They are not normative, no, but they could show that killing civilians in war is not _inherently_ unethical.

Reactions: Like 1


----------



## Ryan&Amber2013 (Dec 28, 2021)

Taylor said:


> Agreed, but that will never happen this side of Christ’s return. Until then, war is as inevitable as human sin, because there will always be a bloodthirsty maniac on the throne of some nation somewhere.


So true.


----------



## Edward (Dec 28, 2021)

TheInquirer said:


> So are you making the argument that God's Holy War to put His people into the promised land of Canaan is normative for either ancient or modern warfare? Surely you understand the uniqueness of this particular war in both time and redemptive history?


You challenged for scripture. I gave you some that discusses how to deal with God hating idolaters in warfare. 

Now, I'll challenge you: Can you come up with any scriptural that says only combatants can be killed.


----------



## TheInquirer (Dec 28, 2021)

Taylor said:


> They are not normative, no, but they could show that killing civilians in war is not _inherently_ unethical.



Yes, under divine mandate in that time and place in redemptive history which I don't think any other nation can claim (although many have tried).

From what I have seen in documentaries is that the firebombing of Dresden was meant to be an act of terror against the populace. Burning mass amounts of civilians for terror to break German public support - Is that righteous?

The reason I am pushing back on this is because often our governments use all kinds of propaganda to elicit public support for sinful actions under the guise of righteousness. Most recently, I think of the drone strikes that have killed thousands of civilians all in the name of protecting the homeland in the war on terror. Look at this latest example during the Afghan withdrawal when an aid worker gets droned for loading bottles of water in his car even though intelligence said civilians were likely in the area. First thing we hear out of the propaganda machine headed by General Milley was "righteous strike."

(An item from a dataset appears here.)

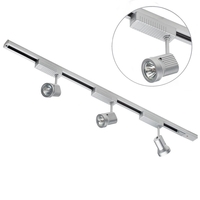 Track Lighting Kit MR16 Triple Enclosed Spotlight - Silver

It all sounds so patriotic and noble until the facts start rolling in and then we start to see how totally depraved our own government is yet Americans seem to have a tough time coming to grips with the sinfulness in our own midst.

Reactions: Like 4


----------



## Taylor (Dec 28, 2021)

TheInquirer said:


> Yes, under divine mandate in that time and place in redemptive history which I don't think any other nation can claim (although many have tried).
> 
> From what I have seen in documentaries is that the firebombing of Dresden was meant to be an act of terror against the populace. Burning mass amounts of civilians for terror to break German public support - Is that righteous?
> 
> ...


Frankly, I don't disagree with you at all, brother. Again, I'm not trying to argue for the ethical legitimacy of the A-bombs; I'm just thinking out loud with you. You raise good points.

Reactions: Like 3


----------



## Taylor (Dec 28, 2021)

Also, @TheInquirer, congratulations on reaching the 500 post mark and becoming a Puritan Board "Sophomore."

Reactions: Like 2


----------



## TheInquirer (Dec 28, 2021)

> Now, I'll challenge you: Can you come up with any scriptural that says only combatants can be killed.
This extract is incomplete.